Bronies on the other hand allowed its contributors to do the majority of the talking and you never hear any of the questions being asked. I would like to incorporate these types of scenes especially if the subject matter is more personal to the contributor being featured.

After re-watching Michael Moore and Louie thereaux and looking back at my proposal I thought it would be better to cut the vlogs in favour of voiceovers as they would allow me to convey my thoughts to the viewers with having to cut away to me speaking directly into the camera. It would also allow me more freedom and time to focus on other things, as I wouldn’t need to constantly book out the camera and rooms whenever I needed to add anything that needed to be said. If anything at all it was cut for the sake of convenience.

The animator was cut after I came back from recovery, as I just didn’t think I would have enough to find someone and arrange everything I’d need. It was an unfortunate victim of circumstance. In future If I were to ever revisit this project this would be something I’d like to tackle.

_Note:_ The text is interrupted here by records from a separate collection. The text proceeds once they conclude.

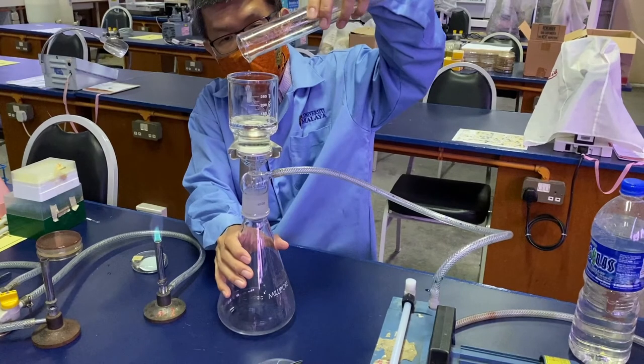The funnel can also be autoclaved and should be autoclaved to make it sterile before use.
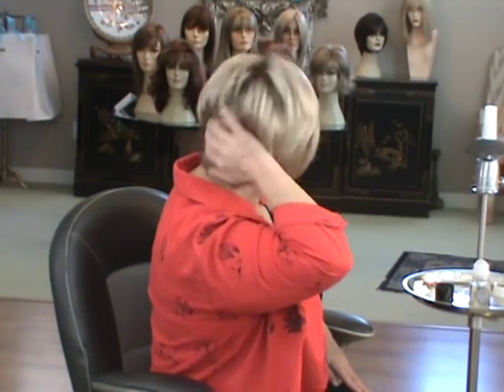By the way, I've got on Natalie Shaded Praline. Everybody always asks me, so I'm telling you now — Natalie Shaded Praline. Sexy little wig. Have a great day and be secure.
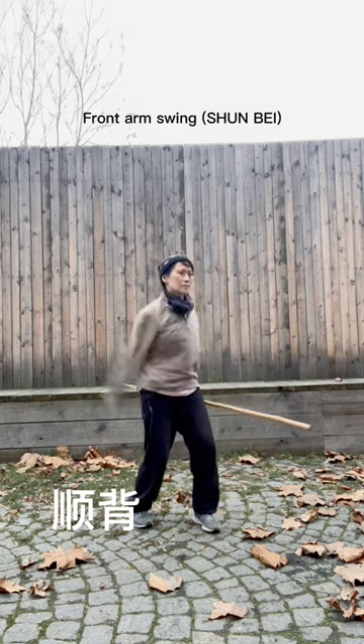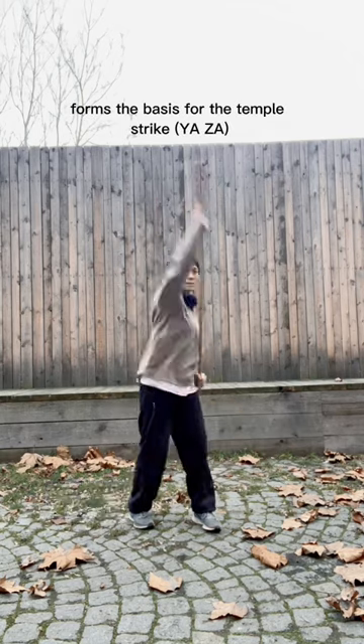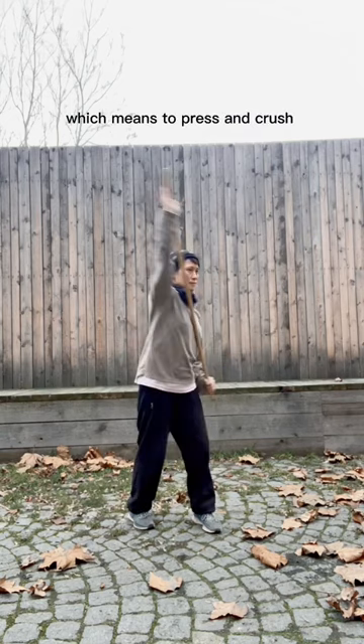And the front arm swing, sunbei, forms the basis for the temple strike, yaza, which means press and crush.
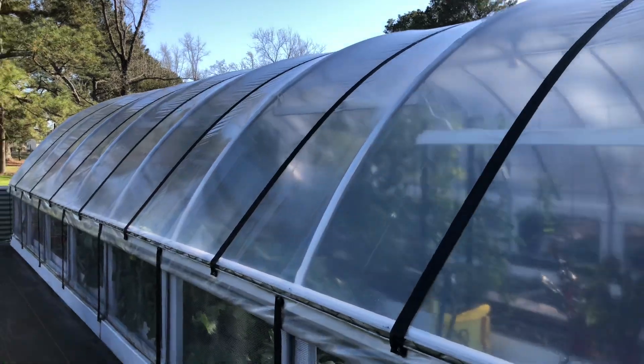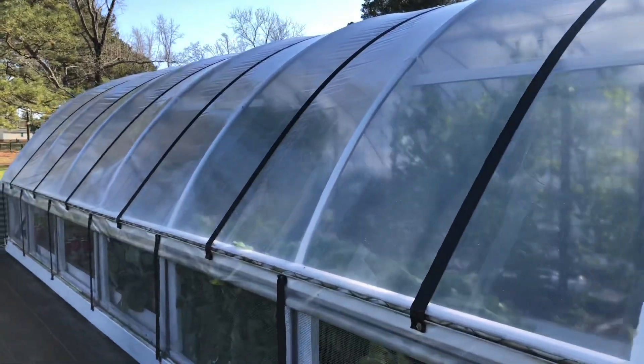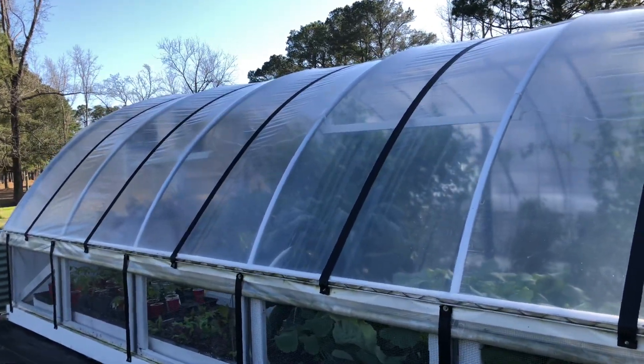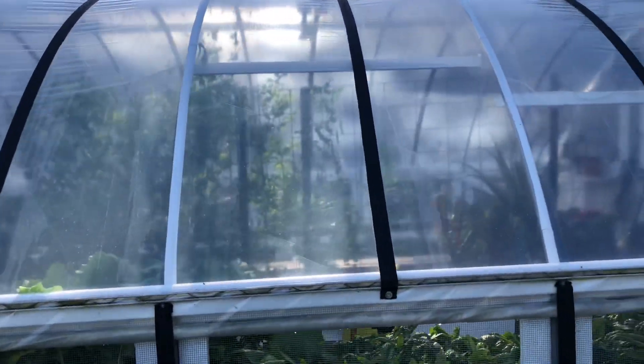But we know that plastic can get algae on it. So if you've got algae on your greenhouse, mine usually gets it every year and it starts showing up near spring — this is how I get it off.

As I think it would have really enriched the overall feel of the film with an artistic expression of what is being said much like in Bowling for Columbine and the Brony Documentary.


Bowling for Columbine. (2002). Michael Moore [film] usa: Metro Goldwyn Mayer

Bronies: The Extremely Unexpected Adult Fans of My Little Pony. (2012). Laurent Malaquais [film] usa: FilmBuff.

Littlejohn, R. (2015). RICHARD LITTLEJOHN: People in fancy dress a ‘vulnerable minority’?. [online] Mail Online. Available at: [Accessed 3 Mar. 2016].

Louis and the Nazis. (2003). Louis Theroux [film] uk: BBC.

Ratcliffe, A. (2014). Comic Book Artist Says Cosplayers Bring Nothing of Value to Conventions | Nerdist. [online] Nerdist. Available at: [Accessed 9 Apr. 2016].

Tom Felton Meets the Superfans. (2015). Tom Felton [film] uk: BBC.